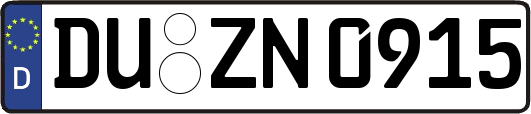 DU-ZN0915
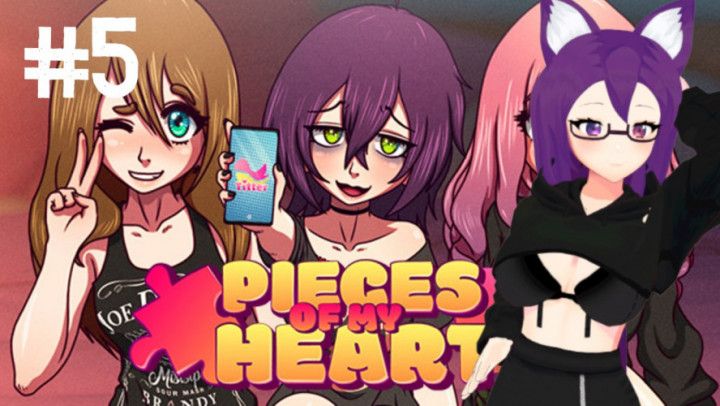 ADULT VTUBER JUEGA PIECES OF MY HEART #5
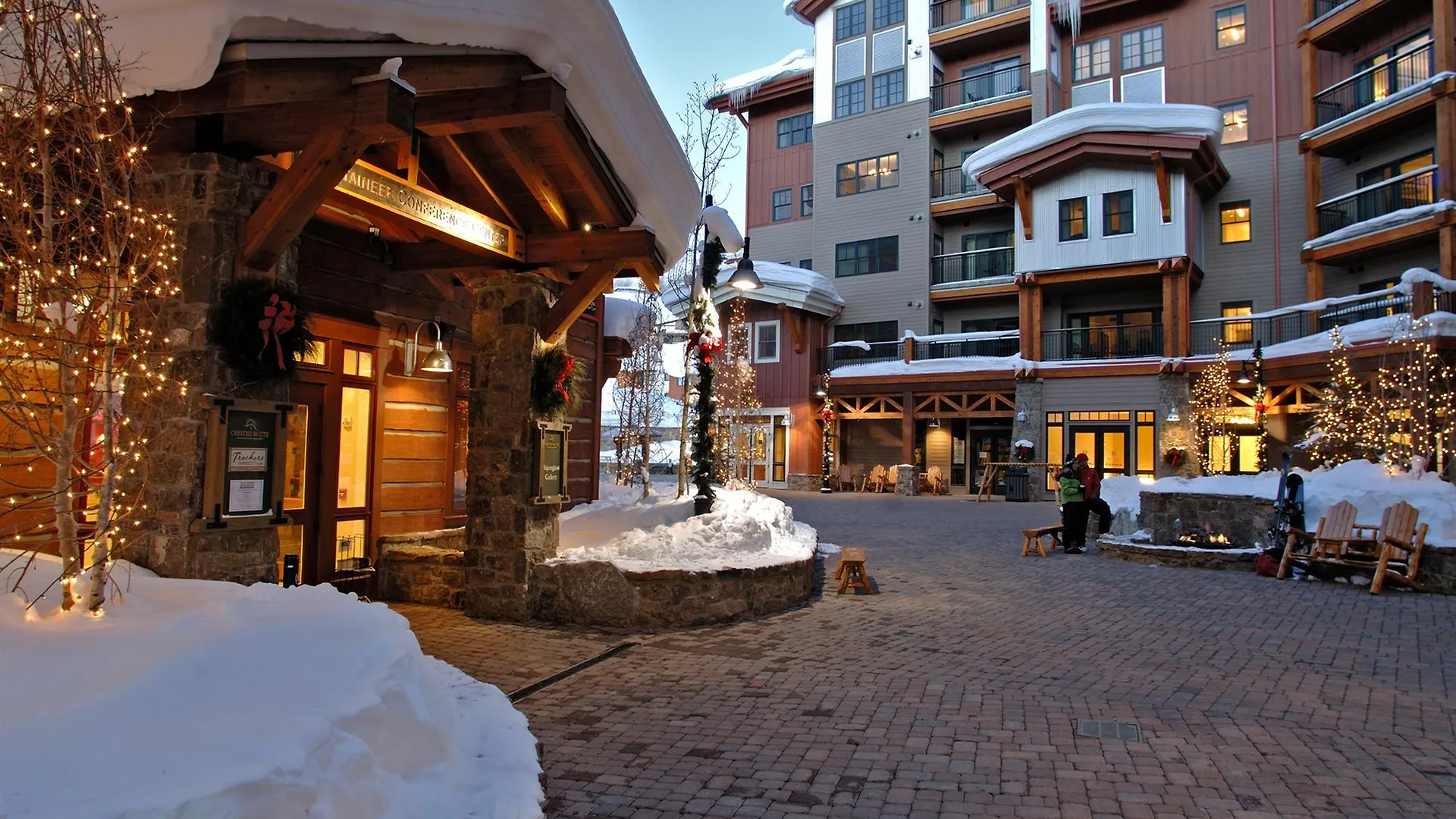 The At Mountaineer Square Mount Crested Butte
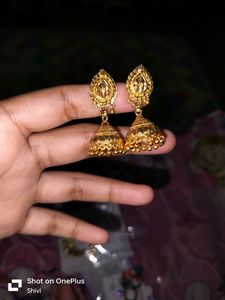 Jhumki Gold Plated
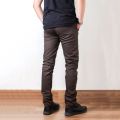 CELANA CHINO Slim fit Panjang Kerja kantor Santai Liburan Cowok 27 - 34 Premium Bahan Karet Melar. 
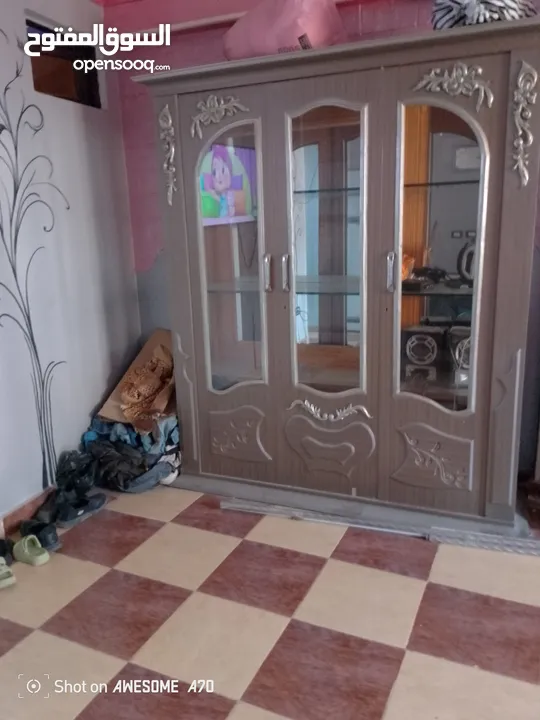 عفش شقه كامل بحاله جيده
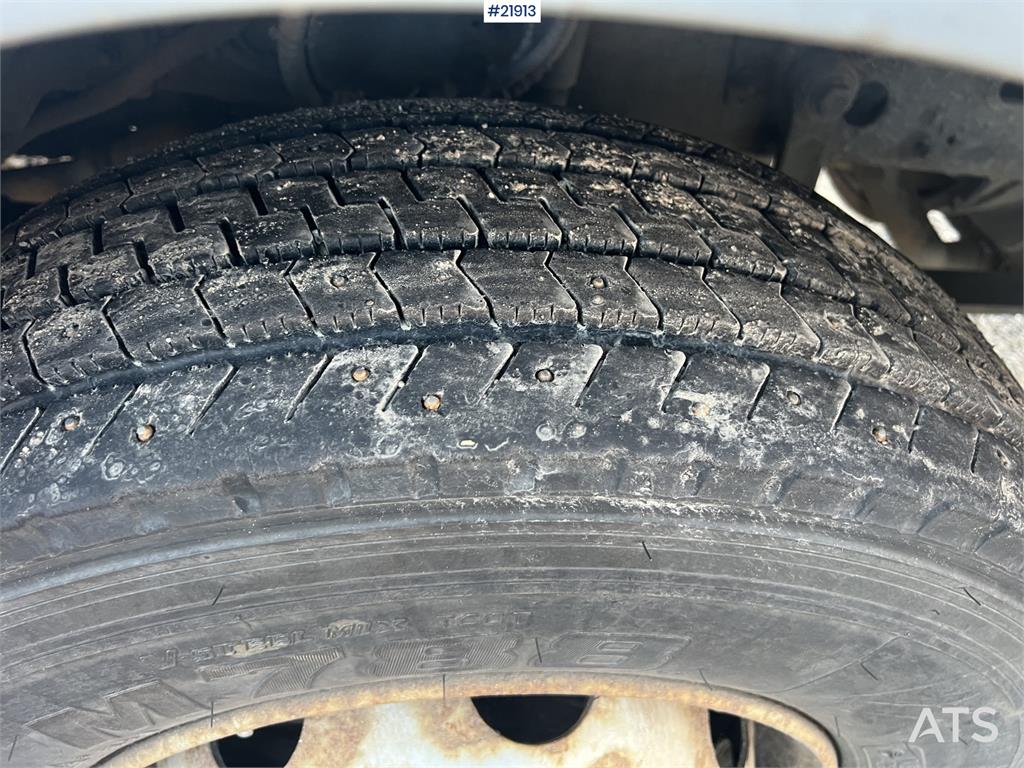 Volvo FL240 brøyterigget kranbil m/ HMF735 kran, grabb o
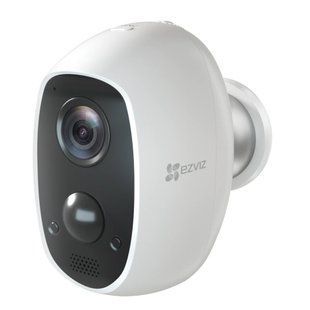 CS-C3A(B0-1C2WPMFBR) 2МП Wi-Fi камера EZVIZ з вбудованим акумулятором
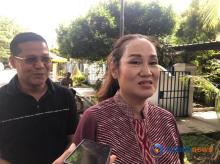 Nyoblos Bareng Keluarga di TPS 033, Cen Sui Lan Berbagi Pengalaman Pemilu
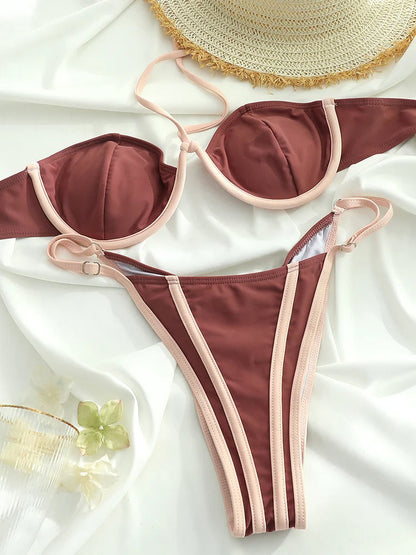 Wild Charm Bikini Sexy Trendy Strandkleding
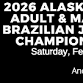 2026 ASBJJF Adult and Masters GI Championship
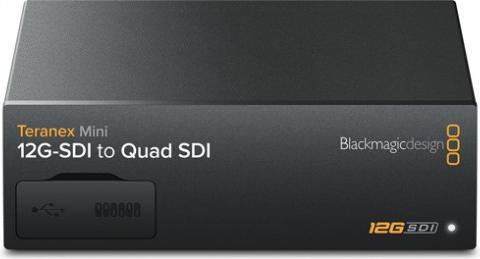 Immagine prodotto Blackmagic Design Teranex Mini 12G-SDI a Quad SDI (Analogico -> Digitale)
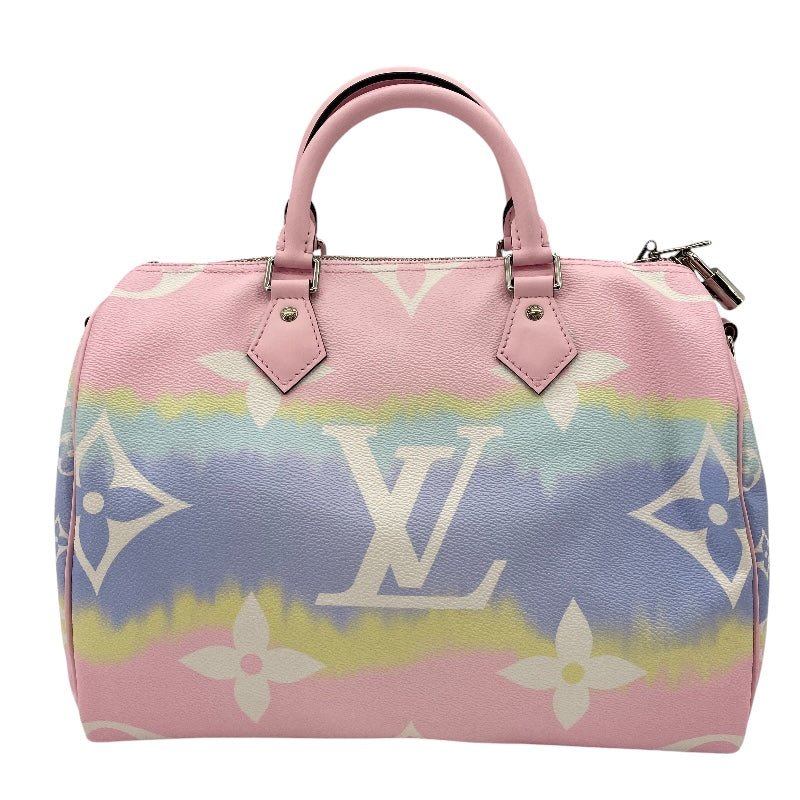 ルイ・ヴィトン LOUIS VUITTON スピーディ・バンドリエール30 M45123 パステル モノグラム・キャンバス レディース ボストンバッグ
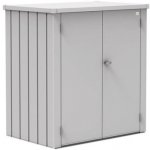 Uložný box ROMEO Biohort Barva: Stříbrná, Velikost: L, 132 x 87 x 140 – Hledejceny.cz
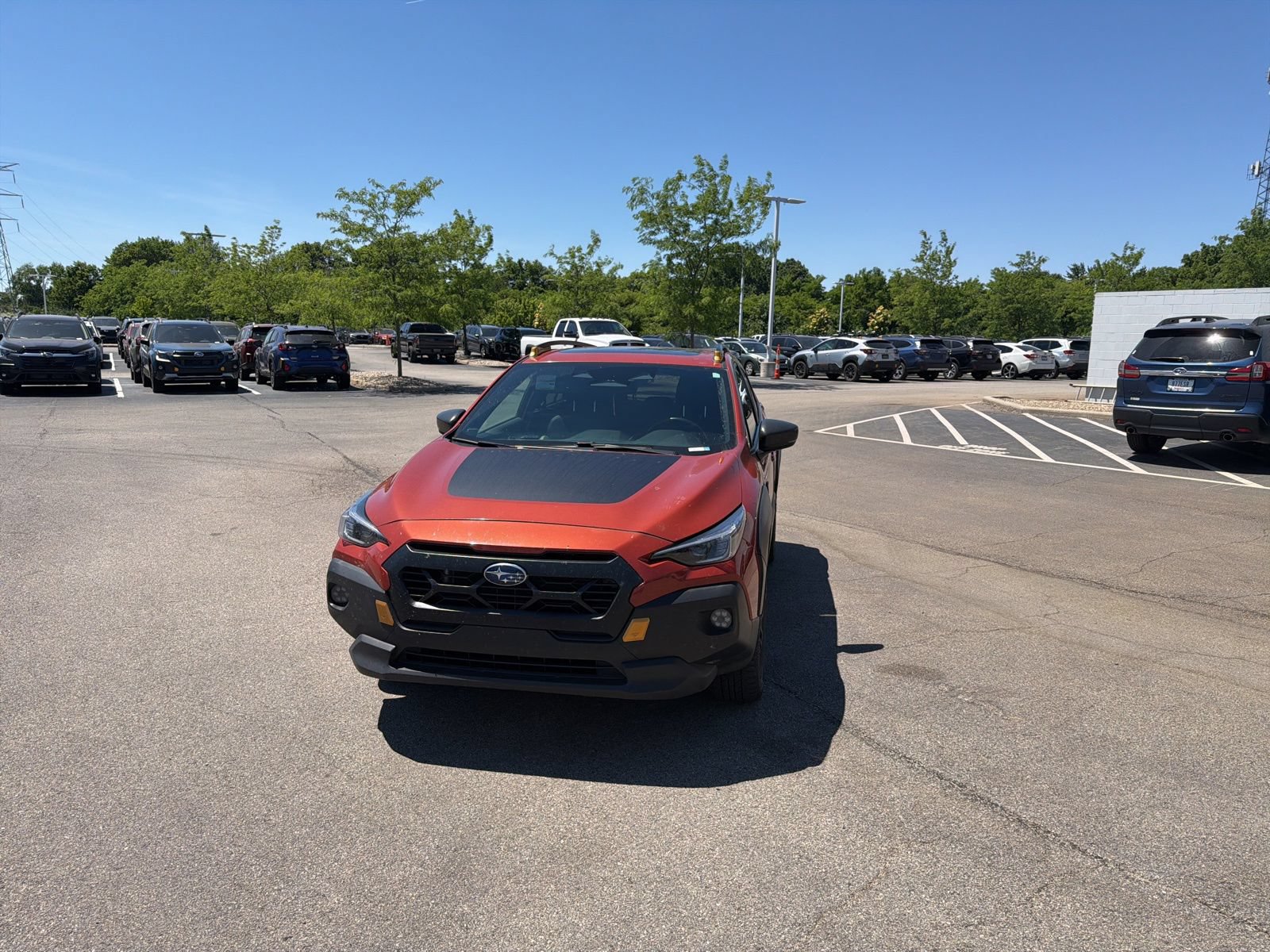 Used 2024 Subaru Crosstrek 2.5i Wilderness w/ Wilderness Package AWD/4WD image 4
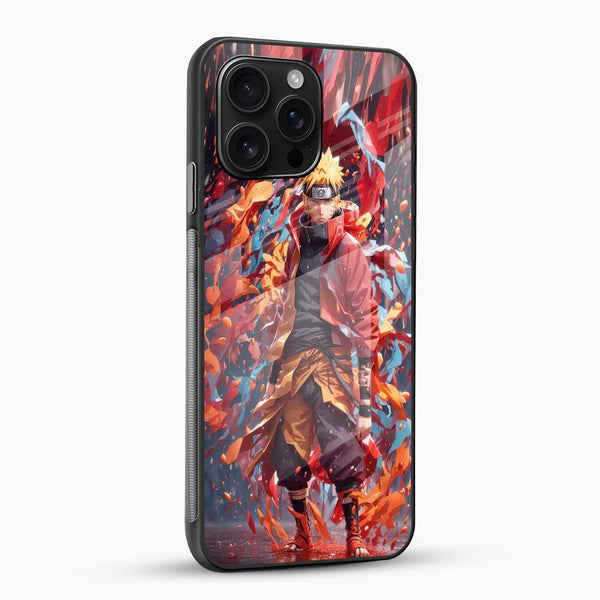 Naruto Anime Glass Case - Cover Stall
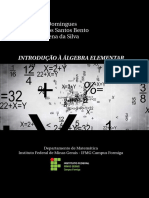 Introdução A Álgebra Elementar PDF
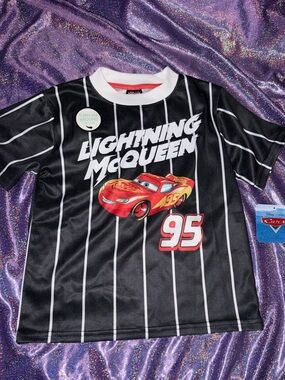 Lightning McQueen Jersey Shirt
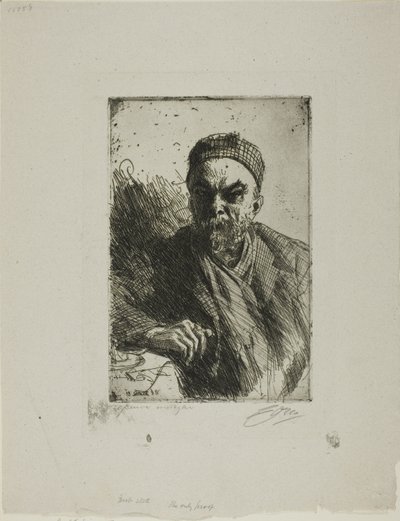 Paul Verlaine II von Anders Leonard Zorn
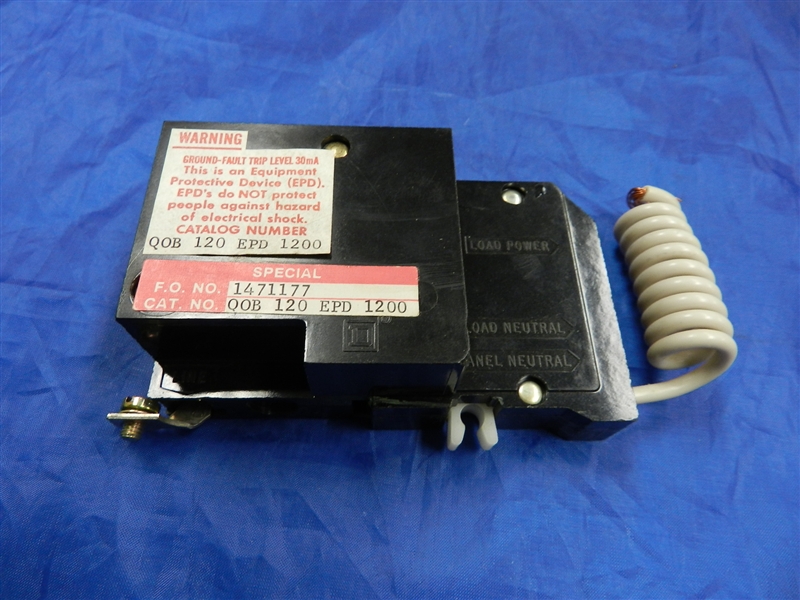 QOB120EPD1200 SQUARE D CIRCUIT BREAKER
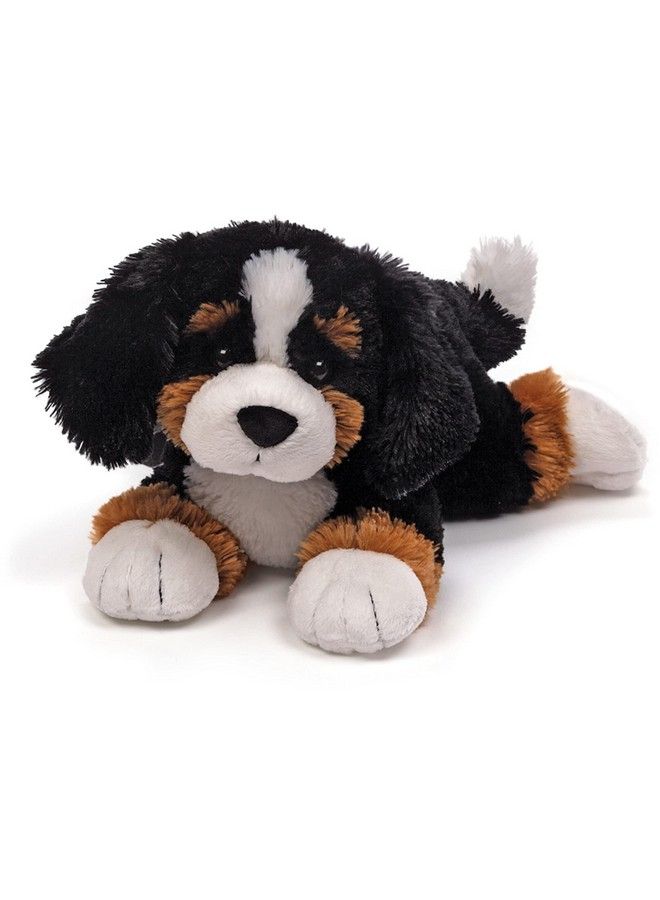 GUND Randle Bernese Mountain Dog Premium Stuffed Animal Plush For Ages 1 And Up Black/Brown 13”  - Image 1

What is expected:
From the first line of the records through the line containing "Immagine prodotto Blackmagic", please output exactly those lines and nothing more, leaving out the pictures.

Output:
 DU-ZN0915
 ADULT VTUBER JUEGA PIECES OF MY HEART #5
 The At Mountaineer Square Mount Crested Butte
 Jhumki Gold Plated
 CELANA CHINO Slim fit Panjang Kerja kantor Santai Liburan Cowok 27 - 34 Premium Bahan Karet Melar. 
 عفش شقه كامل بحاله جيده
 Volvo FL240 brøyterigget kranbil m/ HMF735 kran, grabb o
 CS-C3A(B0-1C2WPMFBR) 2МП Wi-Fi камера EZVIZ з вбудованим акумулятором
 Nyoblos Bareng Keluarga di TPS 033, Cen Sui Lan Berbagi Pengalaman Pemilu
 Wild Charm Bikini Sexy Trendy Strandkleding
 2026 ASBJJF Adult and Masters GI Championship
 Immagine prodotto Blackmagic Design Teranex Mini 12G-SDI a Quad SDI (Analogico -> Digitale)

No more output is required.